START Listed records

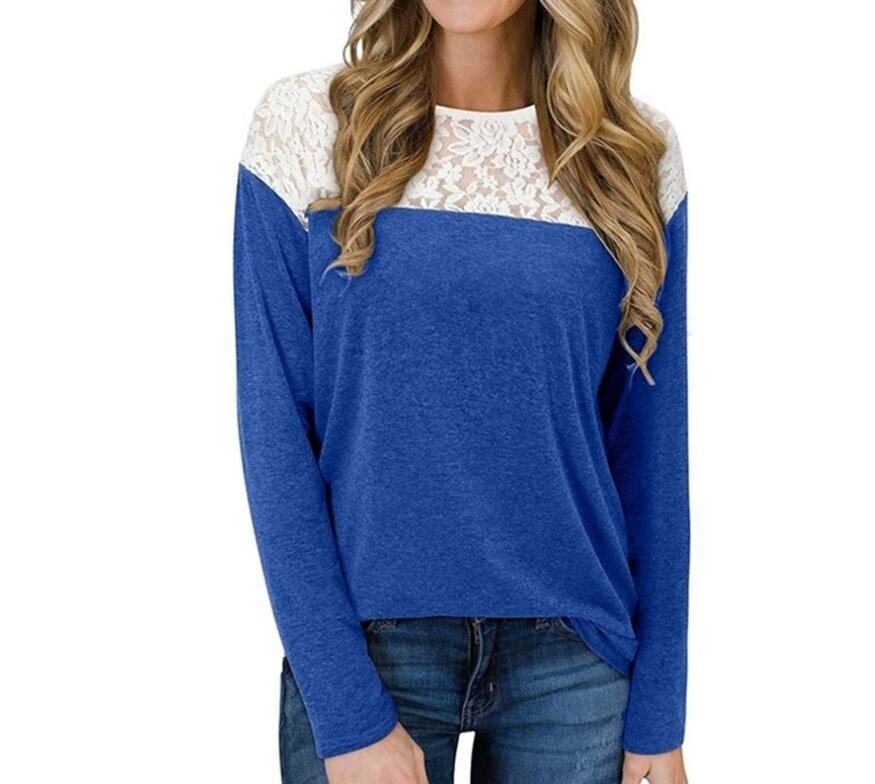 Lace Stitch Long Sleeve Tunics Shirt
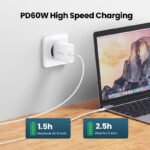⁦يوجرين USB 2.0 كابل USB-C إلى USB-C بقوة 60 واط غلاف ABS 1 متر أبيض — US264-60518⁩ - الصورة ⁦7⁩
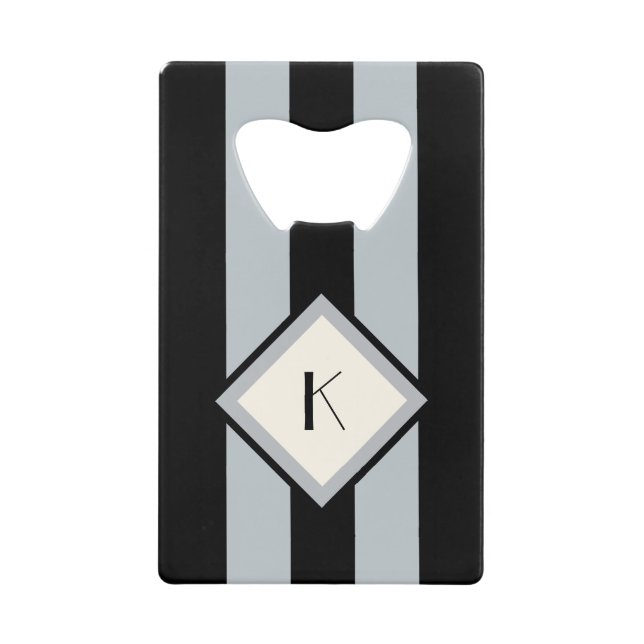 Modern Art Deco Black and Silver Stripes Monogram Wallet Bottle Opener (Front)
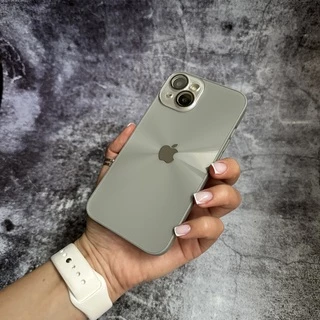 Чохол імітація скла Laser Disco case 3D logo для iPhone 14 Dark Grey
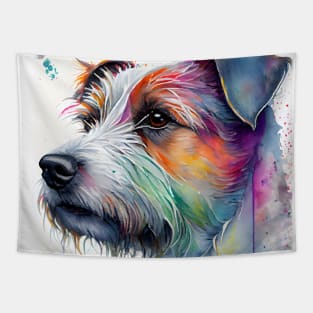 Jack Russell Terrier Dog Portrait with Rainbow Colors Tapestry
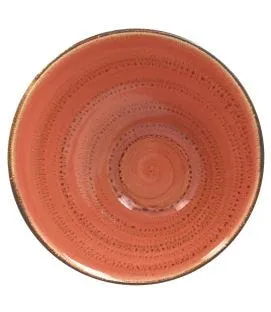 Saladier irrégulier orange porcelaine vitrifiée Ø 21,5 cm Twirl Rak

END Listed records

▸ **What you need to do**
Down to the last line, set down the data above exactly, and omit all images.

▸ **Solution**
 Lace Stitch Long Sleeve Tunics Shirt
⁦يوجرين USB 2.0 كابل USB-C إلى USB-C بقوة 60 واط غلاف ABS 1 متر أبيض — US264-60518⁩ - الصورة ⁦7⁩
 Modern Art Deco Black and Silver Stripes Monogram Wallet Bottle Opener (Front)
 Чохол імітація скла Laser Disco case 3D logo для iPhone 14 Dark Grey
 Jack Russell Terrier Dog Portrait with Rainbow Colors Tapestry
 Saladier irrégulier orange porcelaine vitrifiée Ø 21,5 cm Twirl Rak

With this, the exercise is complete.